Трудно забыть то ощущение, с которым я развернул в конце весны 1986 года доселе малоинтересный журнал «Огонек» с первой публикацией стихов Гумилева в Советском Союзе. Но уже летом того же года стало ясно, что одним Гумилевым дело не ограничится: в «Литературной газете» 2 июля была опубликована довольно смелая по тем временам речь Дмитрия Лихачева на VIII съезде Союза писателей, в которой академик призвал к публикации многих запрещенных классиков.
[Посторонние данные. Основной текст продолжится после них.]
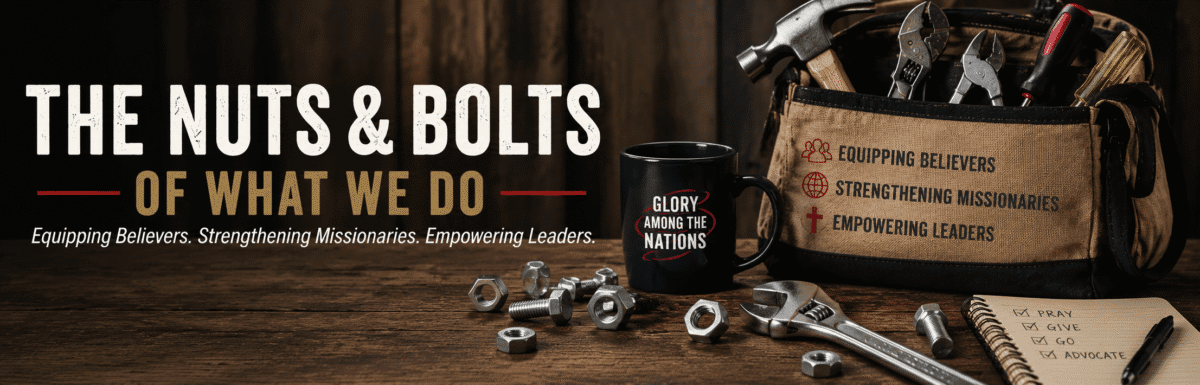 The Nuts and Bolts of what we do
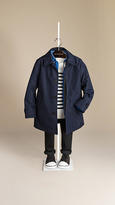 Thumbnail for your product : Burberry Technical Caban With Warmer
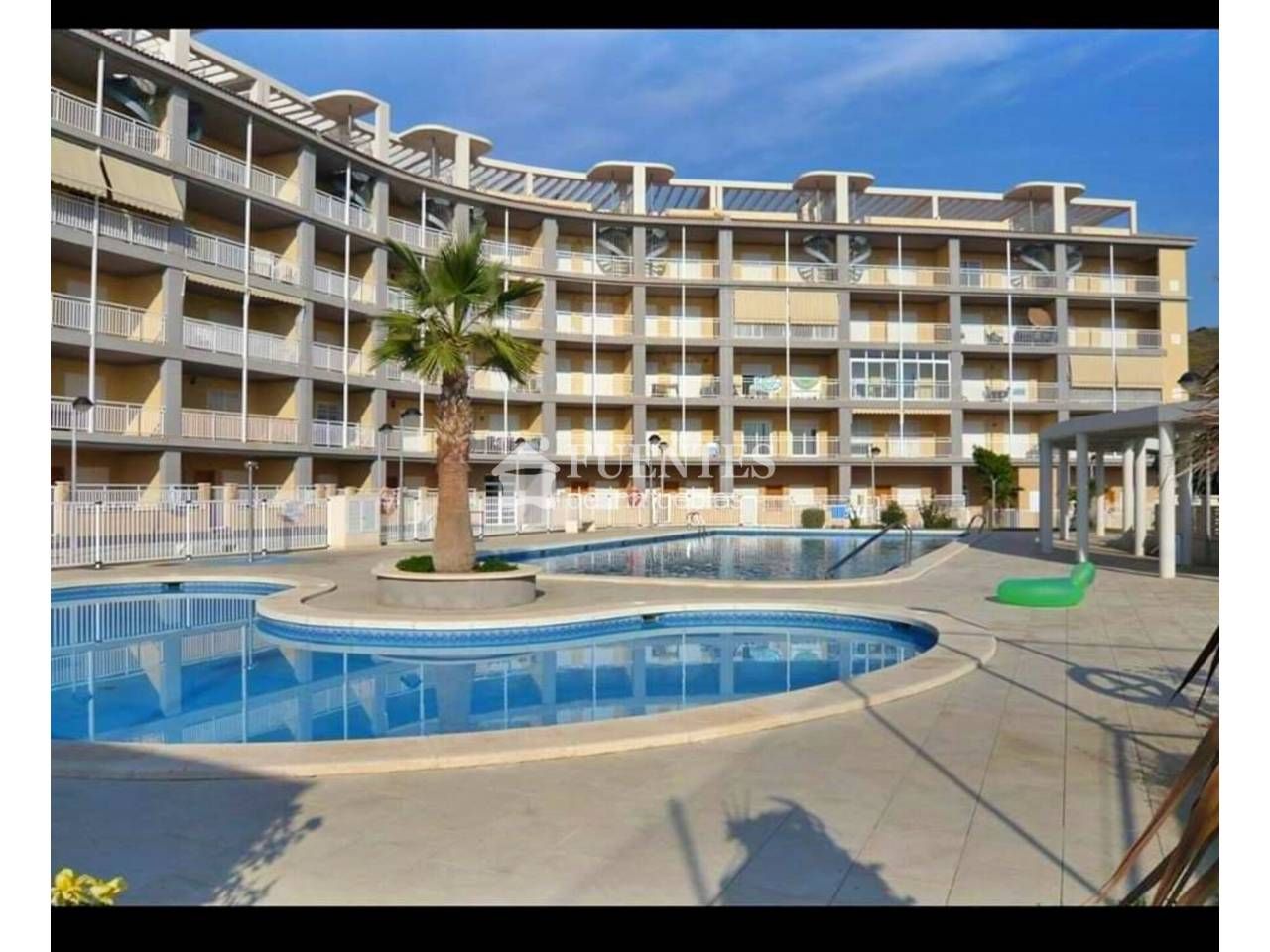 Piscina de Piso en venta en El Campello con Aire acondicionado, Calefacción y Terraza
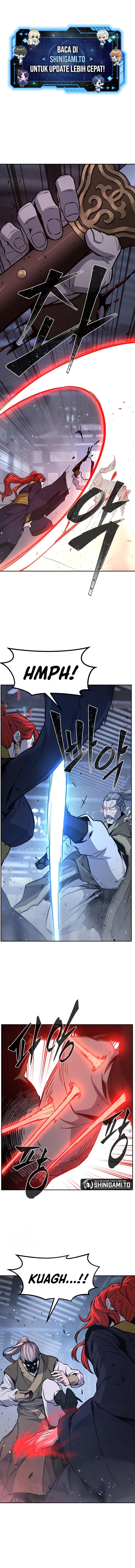 Absolute Sword Sense Chapter 149 Gambar 2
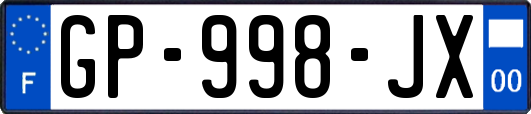 GP-998-JX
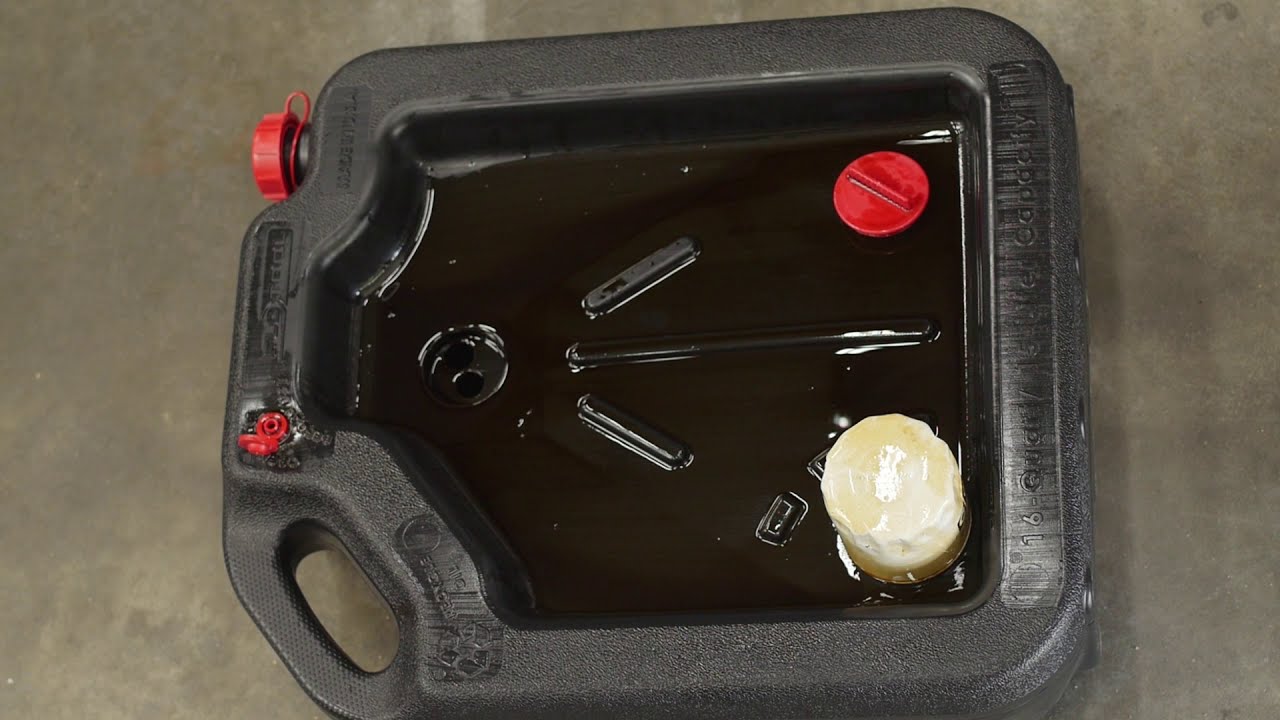 FloTool® 16 QUART SUPER DUTY DRAIN CONTAINER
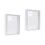 2Pcs Diy Specimen Display Box Double Side Butterfly Case 5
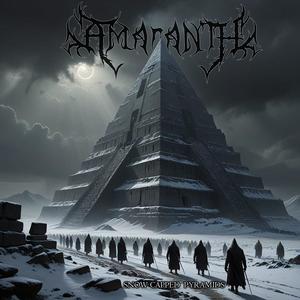 Snow Capped Pyramids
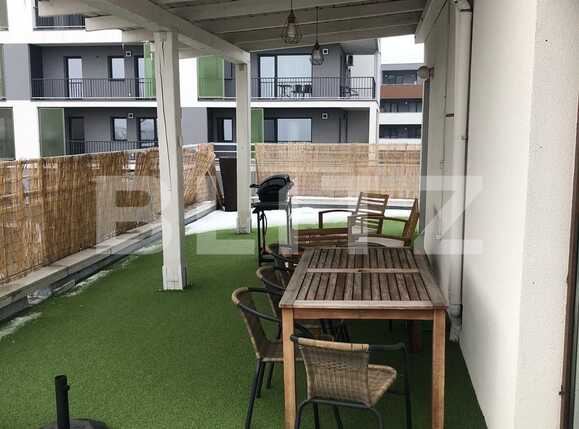 Apartament de închiriat 4 camere Bună Ziua - 47384AI | BLITZ Cluj-Napoca | Poza17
По воспоминаниям ближайшего соратника Д.С. Лихачева тех лет, главного редактора журнала «Наше наследие» Владимира Енишерлова, «Выступление Д.С. Лихачева на VIII съезд писателей, где он призвал общество к покаянию и сказал о необходимости возвращения забытых имен, положило начало новому этапу духовной жизни». «Агрессивно беспамятны были те, — писал несколько позже, развивая тему своего выступления, Лихачев, — кто в тридцатых годах взорвали гробницу Петра Багратиона на Бородинском поле и построенный на народные деньги в честь победы над Наполеоном храм Христа Спасителя в Москве, те, кто ломали Собачью площадку, запрещали печатать Ахматову, Цветаеву, Гумилева, Пастернака, Платонова, Зощенко, Ходасевича, Клюева, Набокова… Еще не до конца оценен тот вред, который был нанесен ими нашей культуре, нашей нравственности, нашему патриотизму». Тогда же, как сообщает Енишерлов, у академика возникла идея всеобщего «покаяния», которая потом сыграла несколько странную роль в истории страны [3].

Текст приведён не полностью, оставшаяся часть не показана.